Mean performance: 93.2% in-cache, 90.7% out-of-cache.
Blitz++ is slower than Fortran 77 on some loop kernels because it doesn't yet do loop jamming. It is slightly faster on some kernels because Blitz++ is more aggressive about loop unrolling.
Compilers: XL Fortran 77 at -O3 KAI C++ at +K3 -O3

Cray T3E (single PE)

These results are courtesy of NERSC, and are for the machine mcurie.lbl.gov:


> 1.0 is faster than Fortran, < 1.0 slower.

Median performance: 98.1% of Fortran for in-cache, 95.7% for out-of-cache.
Mean performance: 88.4% in-cache, 86.4% out-of-cache.
The extreme outliers are exp(y) and sqrt(y). For a couple of loops, Blitz++ is faster than Fortran because it doesn't do loop jamming (very surprising). However, there are other loops where the lack of loop jamming hurts performance.
f90 -O 3 -O aggress -O unroll2 -O pipeline3
KCC +K3 -O3 -backend -hpipeline3 -backend -hunroll2 -backend 

The loop kernels

A $ sign indicates a vector operand.

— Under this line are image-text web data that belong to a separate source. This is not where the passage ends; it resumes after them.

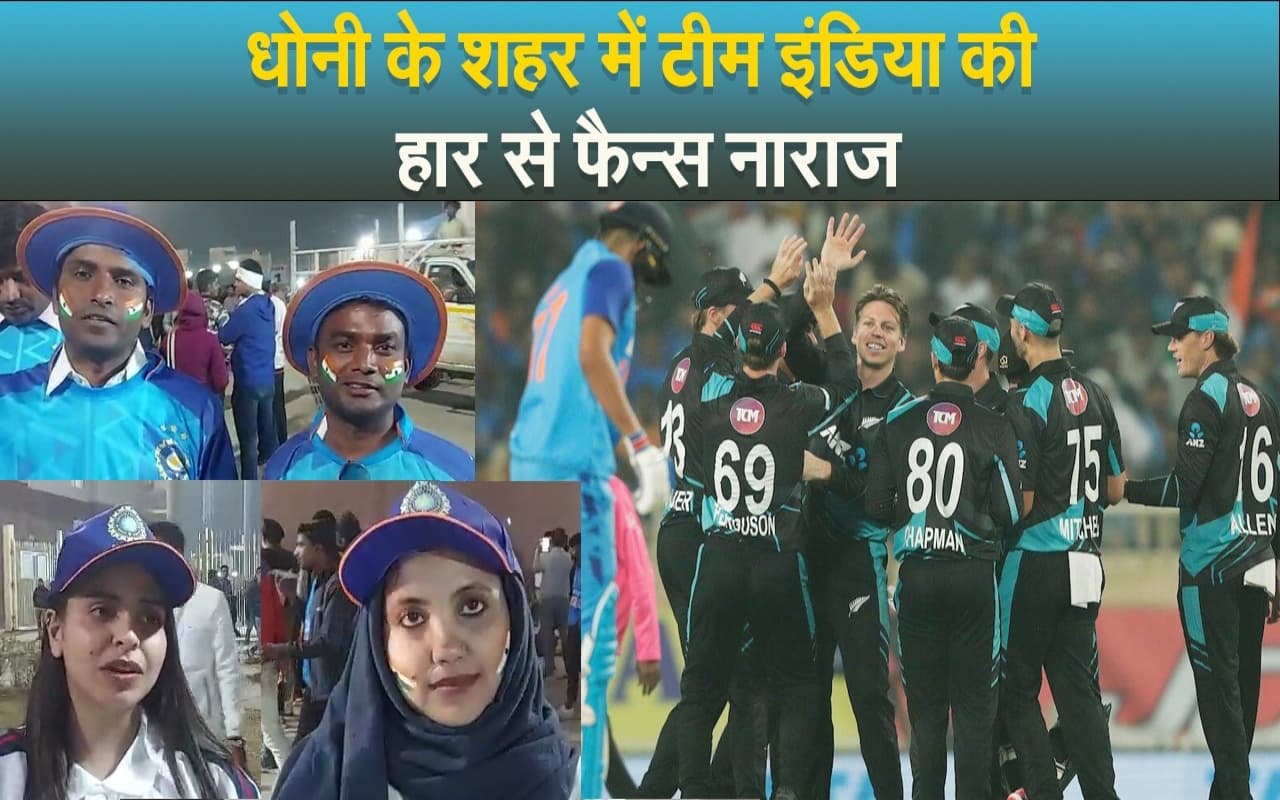 IND vs NZ 1st T20: धोनी के शहर में टीम इंडिया की हार से निराश फैंस ने बताया क्यों हारे मैच, देखें VIDEO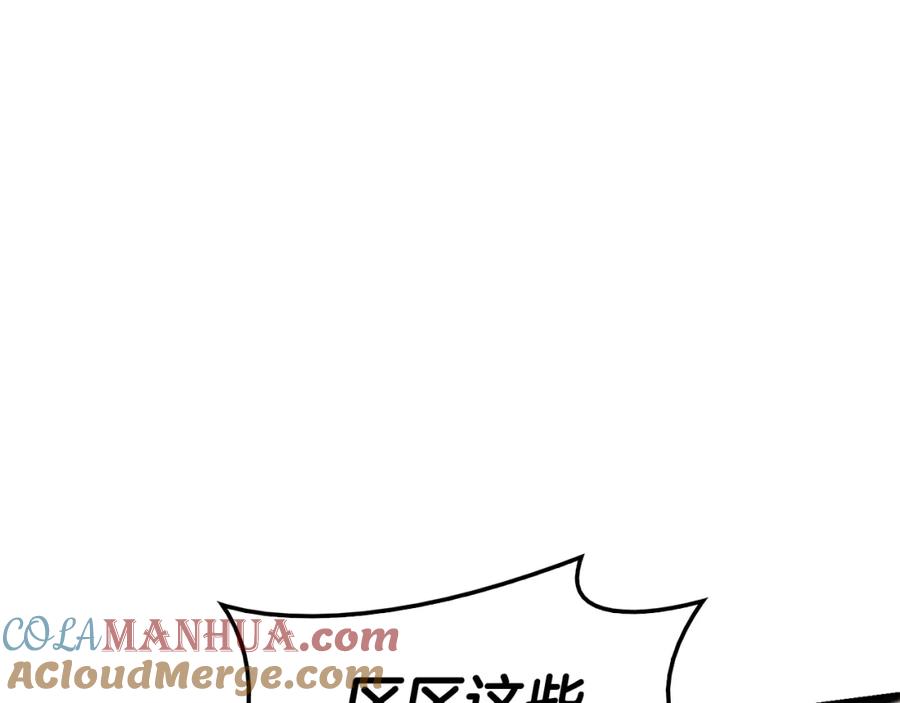 《灾难级英雄归来》第22话 斗气本能 第53页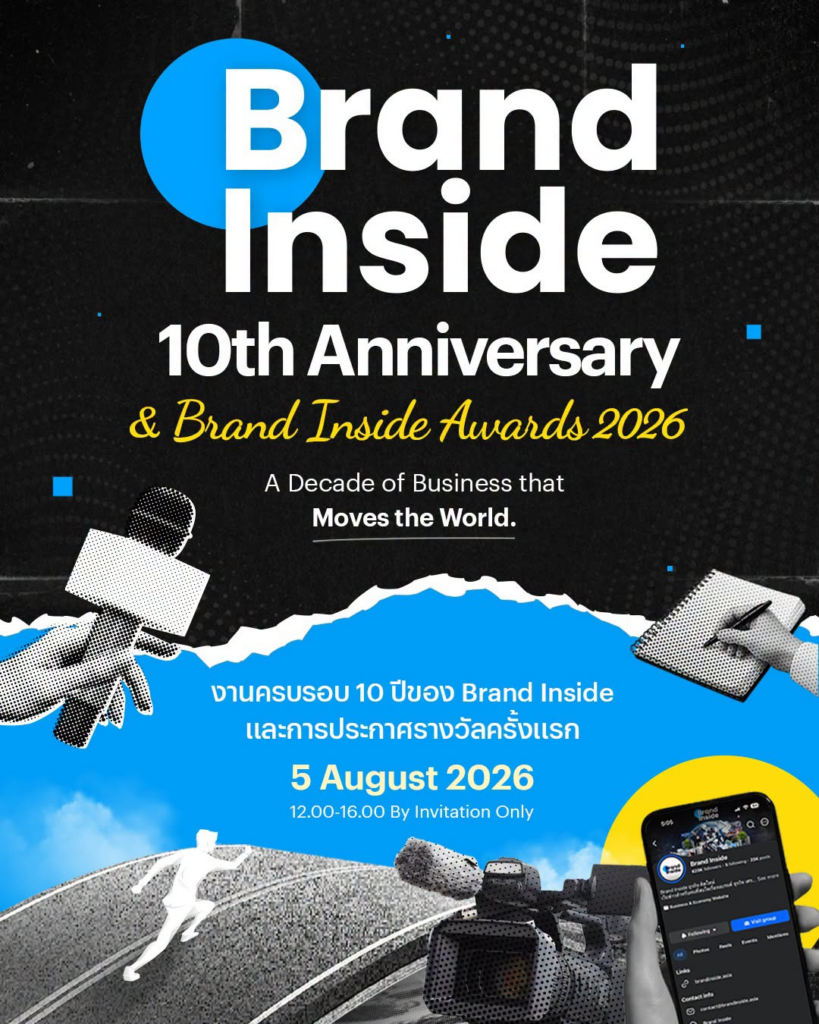 โปสเตอร์งาน Brand Inside 10th Anniversary และ Brand Inside Awards 2026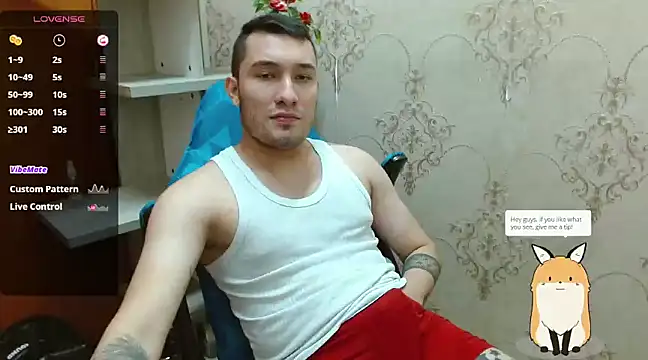 Airon Blade online show from February 2025 12:58:02 AM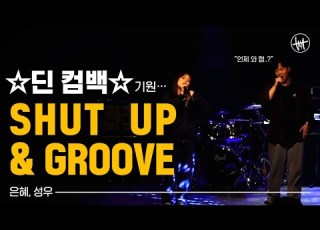하루ㅜ만 긷다리면 딘 형ㅇ이 와요 Shut Up Groove Feat DEAN 헤이즈 Heize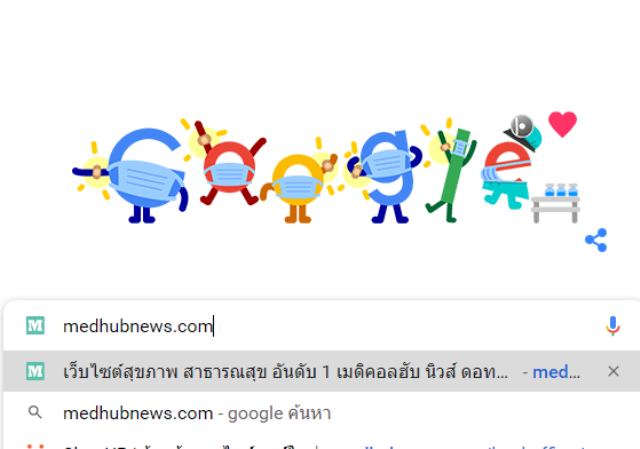 Google ยังรู้ ไทยโควิดระบาดหนักขึ้น โควิดวันนี้ 4,059 ราย แต่ฉีดวัคซีนช้า กำหนดให้ 22 มิถุนายน ตระหนัก ฉีดวัคซีน ใส่หน้ากากอนามัย ช่วยชีวิต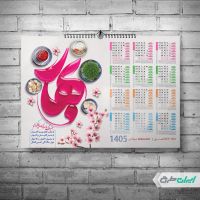 طرح تقویم نوروز 1405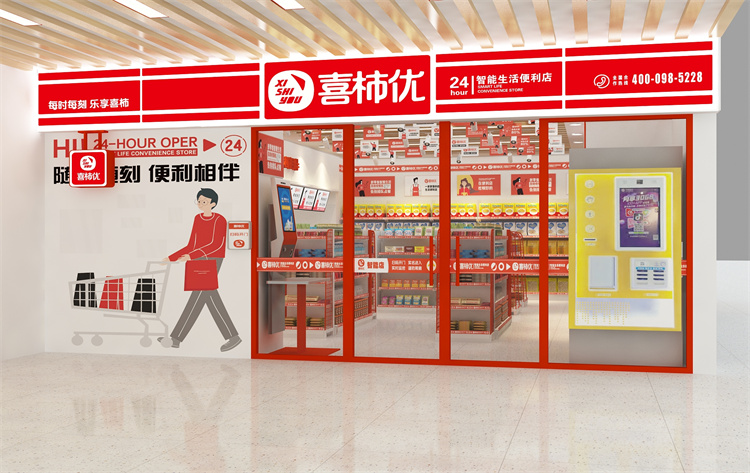 新手开便利店哪个品牌好?加盟喜柿优避免骗局!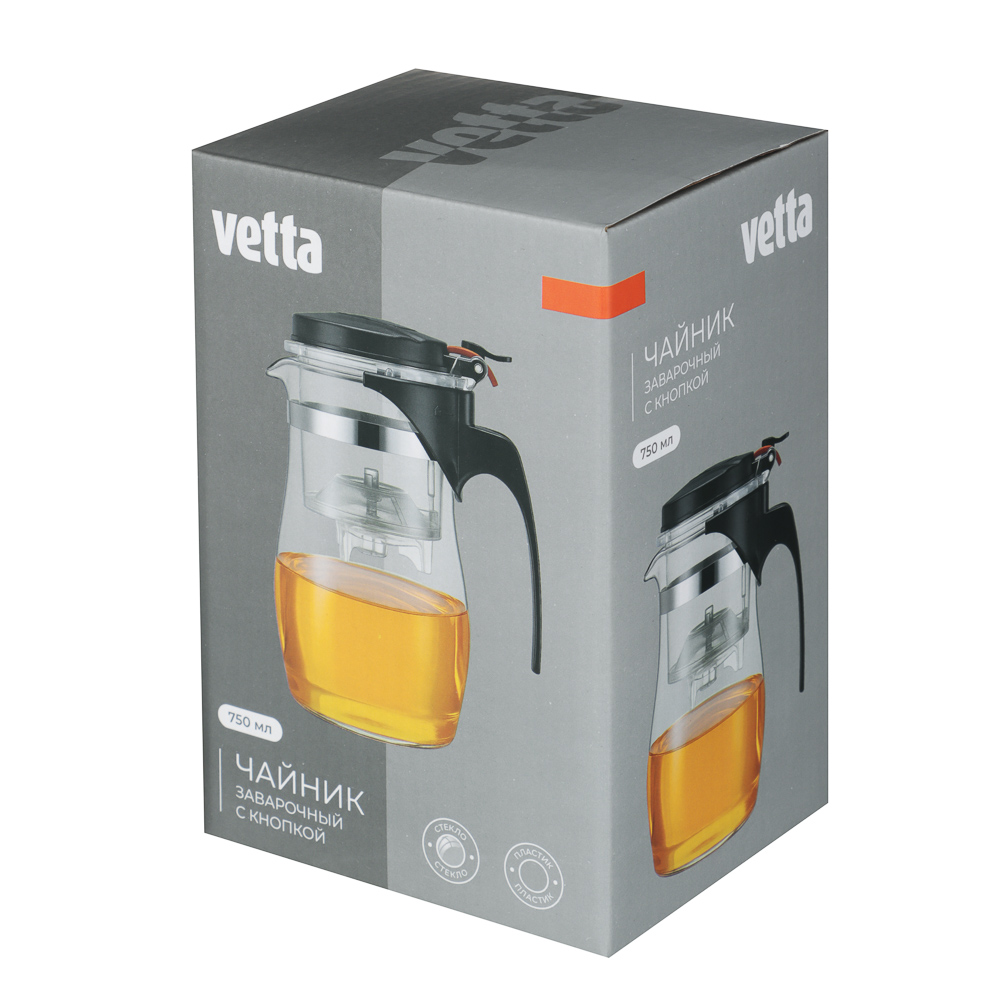 Чайник заварочный с кнопкой тм VETTA 750 мл, стекло, арт.№ 850-275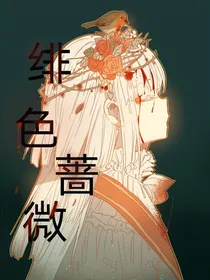 绯色蔷薇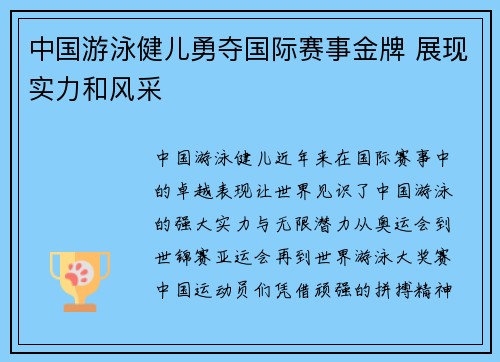 中国游泳健儿勇夺国际赛事金牌 展现实力和风采
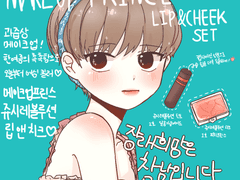 장래희망은 창남입니다 3화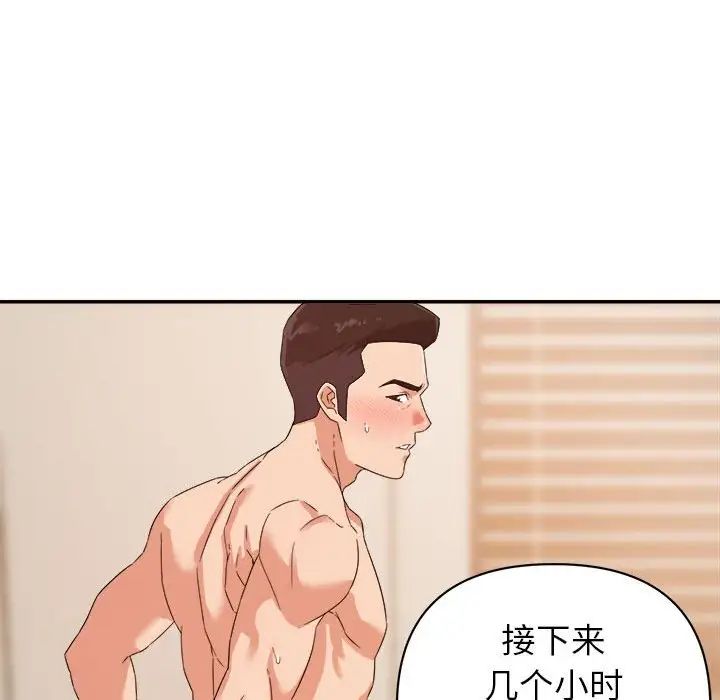 暗恋必有回应第16话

Operands without $ are scalar.
1. $x = sqrt($y)
2. $x=$y/$u
3. $y=$y+$a*$x
4. $x=$a+$b
5. $x=$a*$b
6. $x=u/$a
7. $x=$x+$a
8. $x=u+$a+$b+$c
9. $x=$a+$b+$c+$d
10. $y = u + $a; $x = $a + $b + $c + $d
11. $x=$a+$b+$c+$d; $y=u+$d
12. $x=$a+$b; $y=$a-$b
13. $x=$c+$a*$b
14. $x=$a+$b+$c; $y=$x+$c+u
15. $x=($a+$b)*($c+$d)
16. $x = (u + $a) * (v + $b)
17. $x=u*$a; $y=v*$b
18. $x = $a * $b + $c * $d
19. $x = $x + $a * $b + $c * $d
20. $x=$a*$b+$c*$d; $y=$b+$d
21. $x=$a*$c-$b*$d; $y=$a*$d+$b*$c
22. $x=u*$b; $y=v*$b+w*$a+u*$c
23. $x = exp($e)